[Work order]: As you write out the lines from the one containing "1406 Native Garden" through the last line of the records, keep them exact and leave out pictures.

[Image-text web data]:
┌──

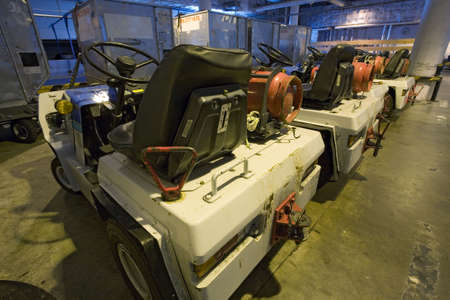 parking gas powered cargo cars in the airportの写真素材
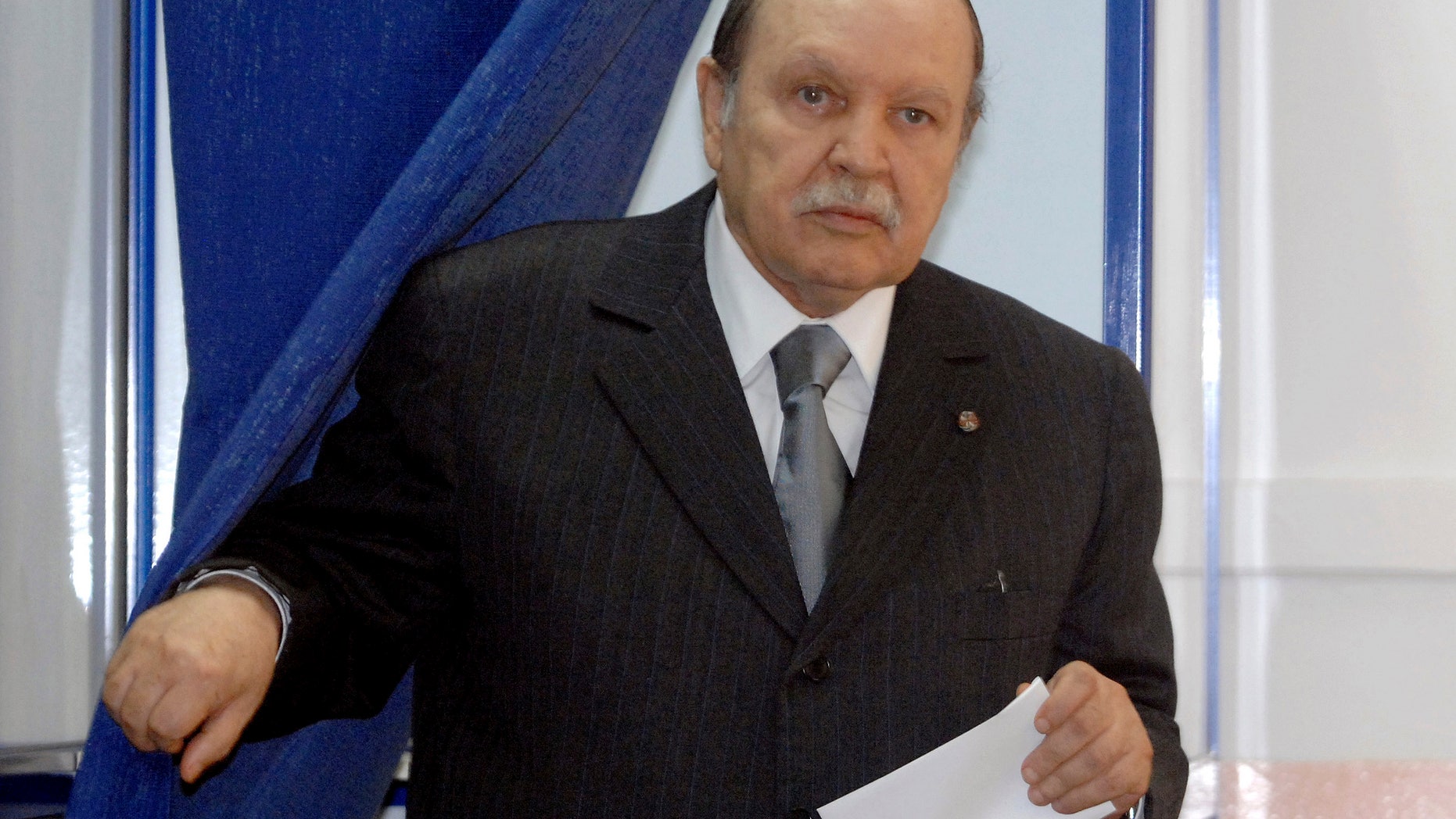 FILE - This May, 10, 2012 file photo shows Algerian President Abdelaziz Bouteflika exiting a parliamentary election voting booth in Algiers. Algeria's presidency says the country's ailing president has been in a Paris military hospital since Monday for a routine checkup and his condition is improving. Abdelaziz Bouteflika suffered a stroke in April and was hospitalized for four months in Paris' Val-de-Grace hospital. He has seemed visibly weak in rare television appearances since then. (AP Photo/Sidali Djarboub, File)
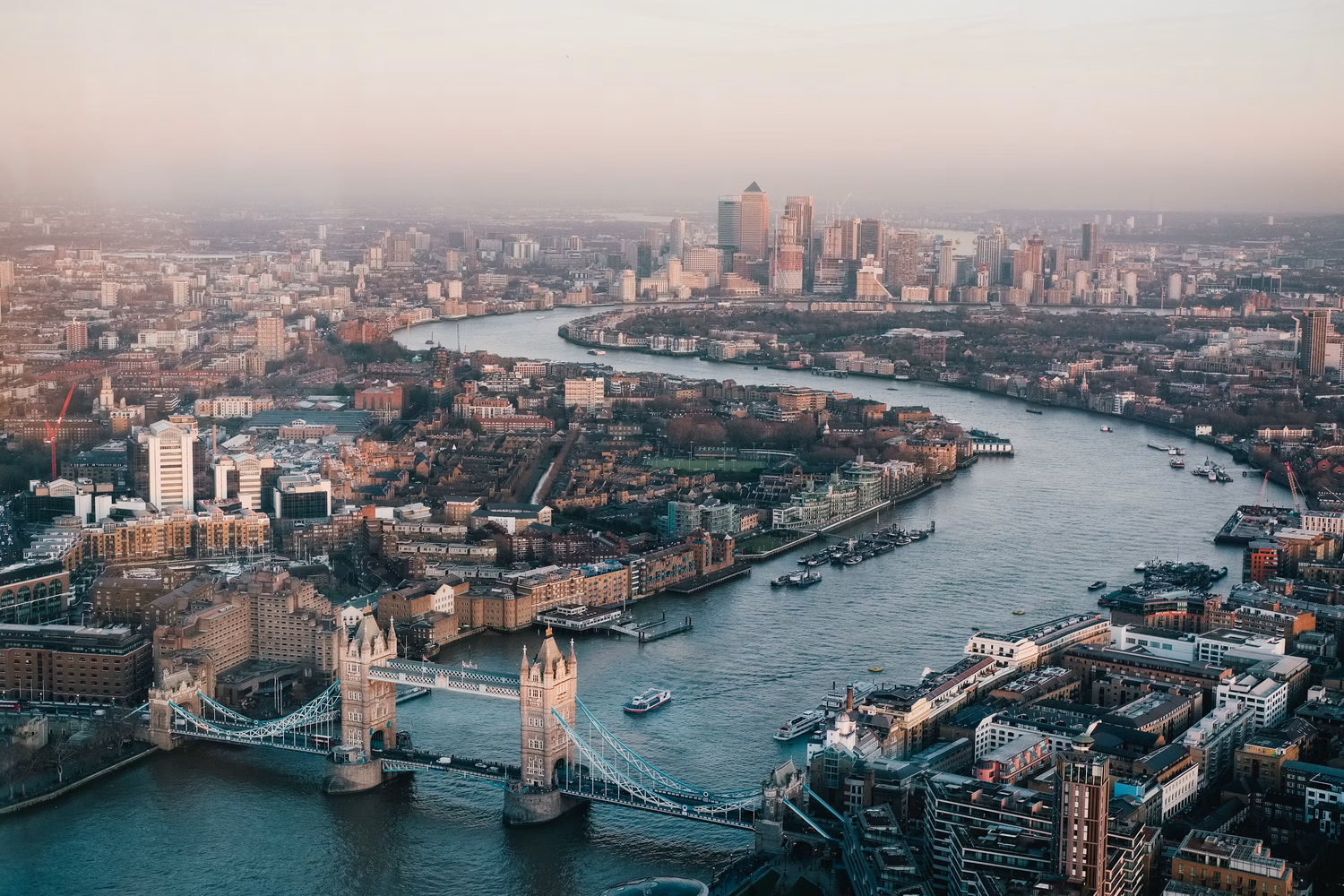 The Thames from above at dusk, Tower Bridge in the foreground and Canary Wharf beyond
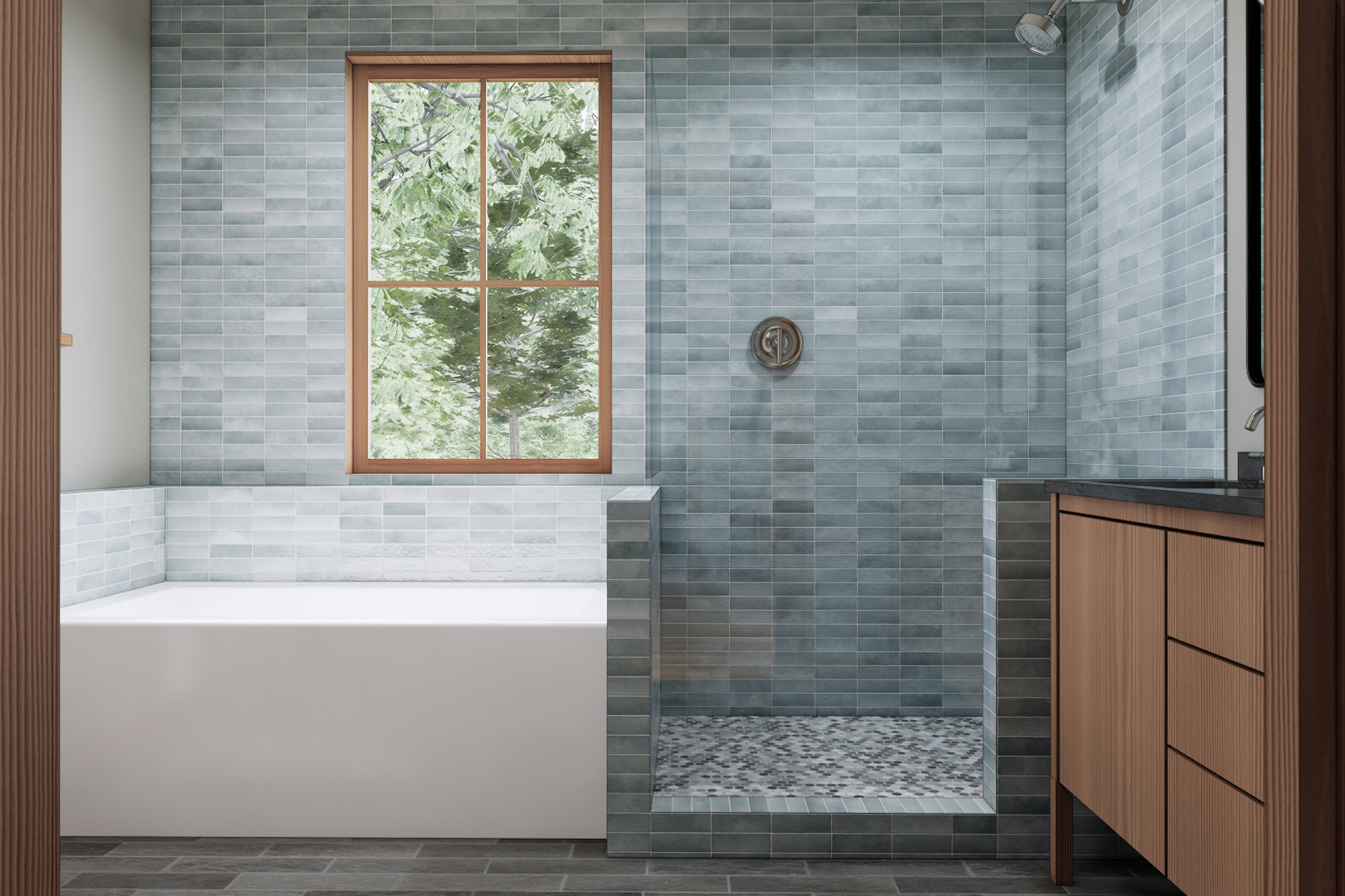 Primary bathroom with soaking tub below a tree-view window, walk-in tile shower with pebble floor, and wood vanity, Mountaindale Home by Tweto Architecture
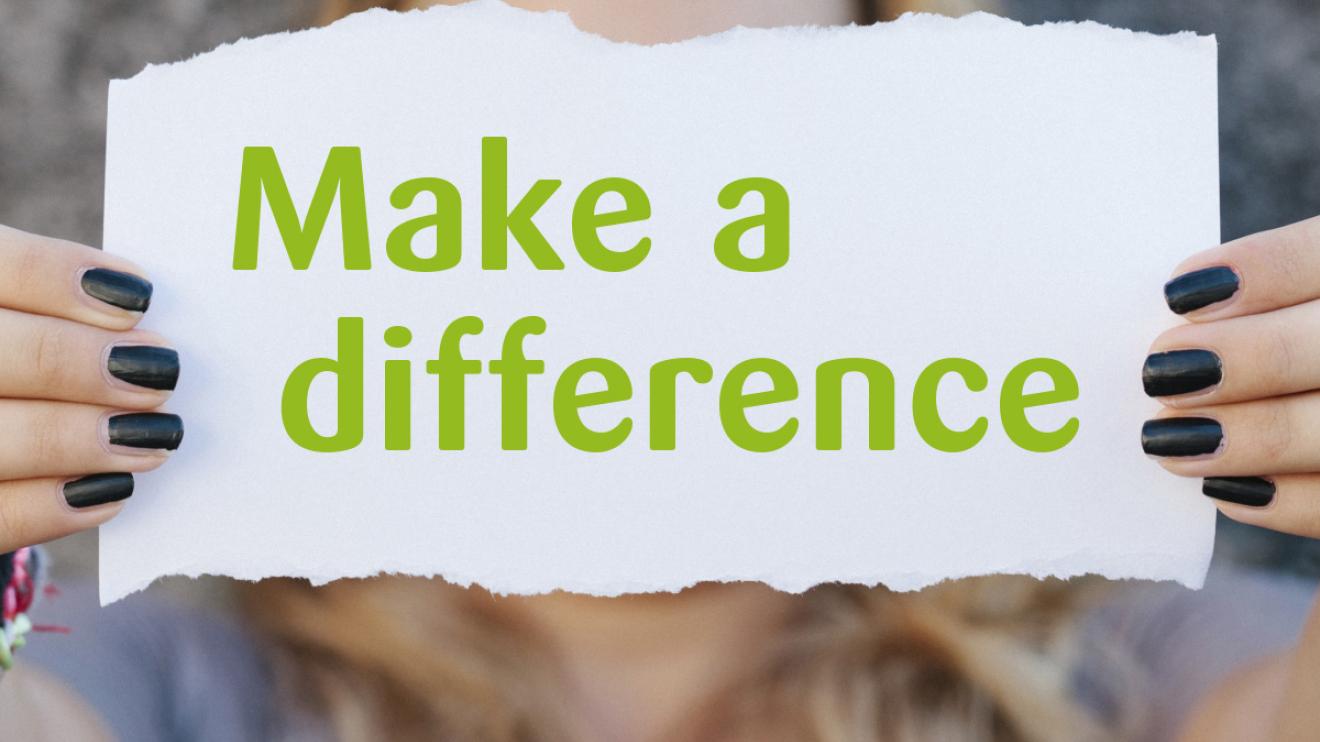 Person holding up a note with the words Make a difference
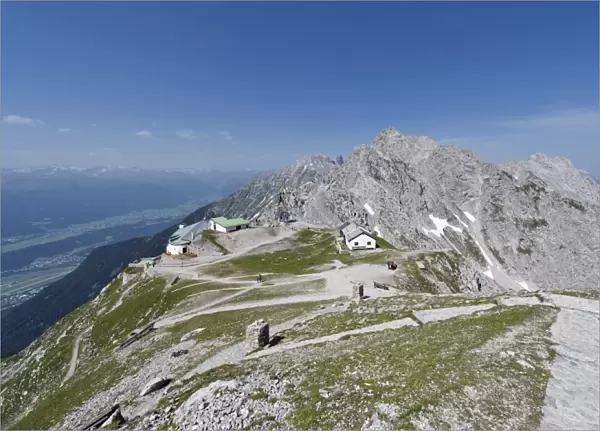 View down from the 2334m high Hafelekarspitze Mountain towards the Hafelekar mountain station and Seegrube Mountain, including the Inn Valley, Tyrol, Austria, Europe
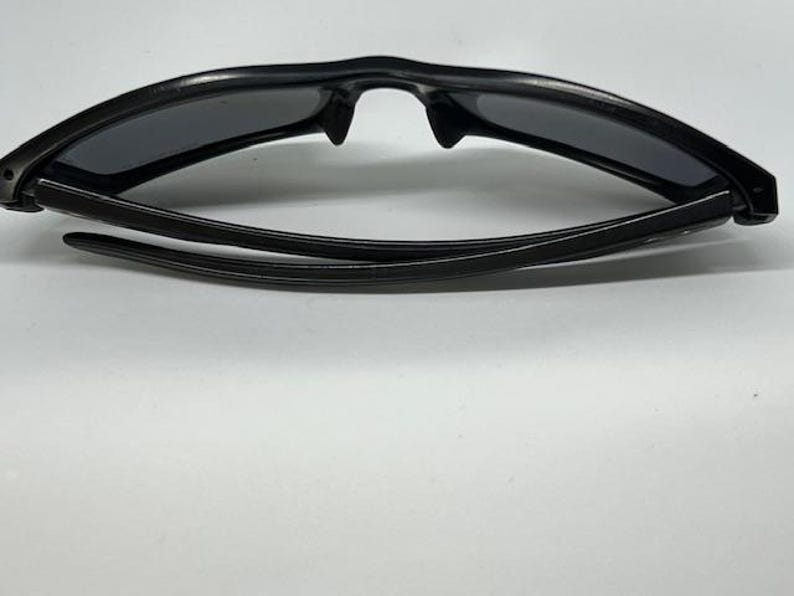 May include: A pair of black sunglasses with a curved, wrap-around frame design and dark, tinted lenses. The temples are folded inward, showcasing the sleek, solid black plastic construction of the eyewear from a top-down perspective.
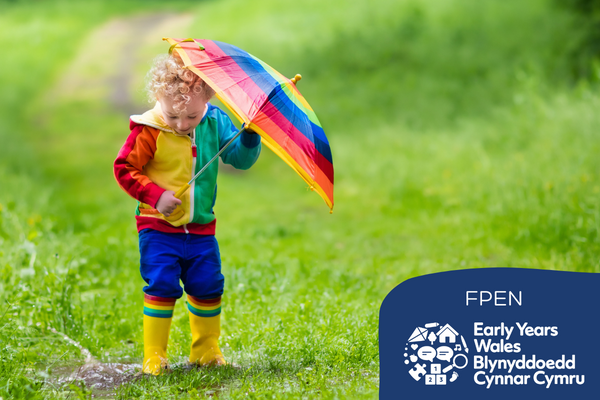 Child in brightly coloued clothes and umbrella steps in a puddle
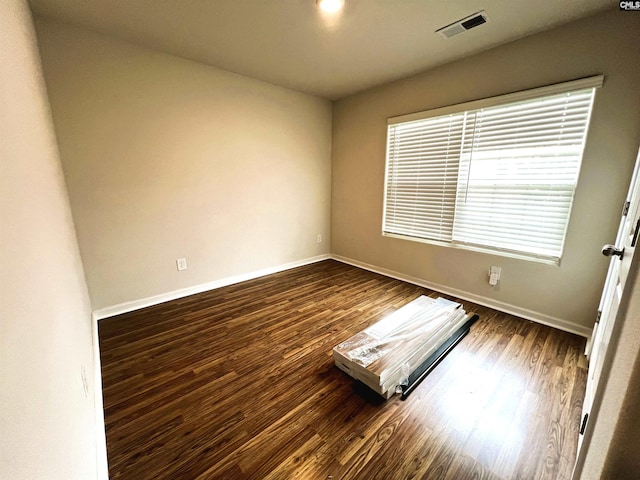 1406 Native Garden Rd, Gilbert, SC 29054 - spare room featuring baseboards and dark wood-style flooring
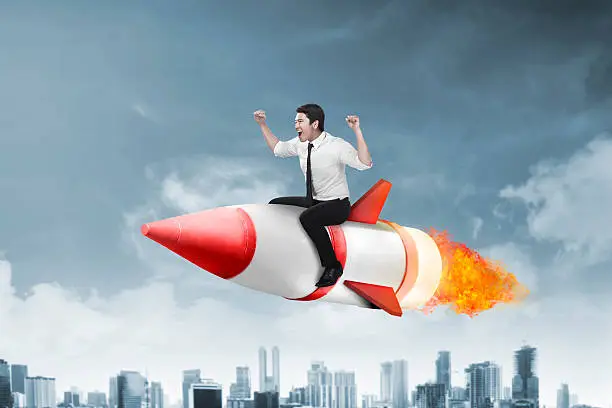 Photo of asian business man flying ride rocket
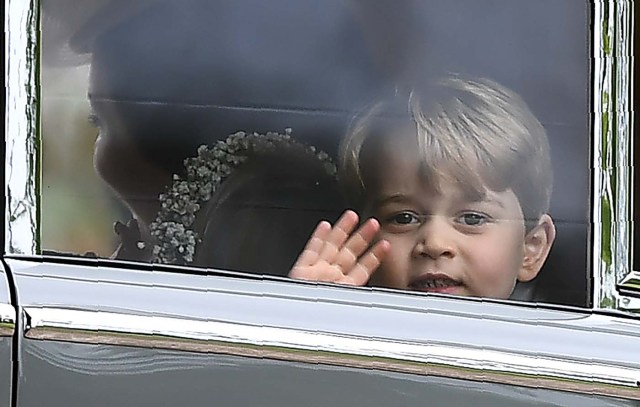 Britain's Prince George waves as he leaves in a car after attending the wedding of his aunt, Pippa Middleton, to James Matthews at St Mark's Church in Englefield, Britain May 20, 2017. Pippa Middleton is the sister of Catherine, Duchess of Cambridge.  REUTERS/Justin Tallis/Pool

└──

[Solution to this exercise]:
 1406 Native Garden Rd, Gilbert, SC 29054 - spare room featuring baseboards and dark wood-style flooring
 Photo of asian business man flying ride rocket
 Britain's Prince George waves as he leaves in a car after attending the wedding of his aunt, Pippa Middleton, to James Matthews at St Mark's Church in Englefield, Britain May 20, 2017. Pippa Middleton is the sister of Catherine, Duchess of Cambridge.  REUTERS/Justin Tallis/Pool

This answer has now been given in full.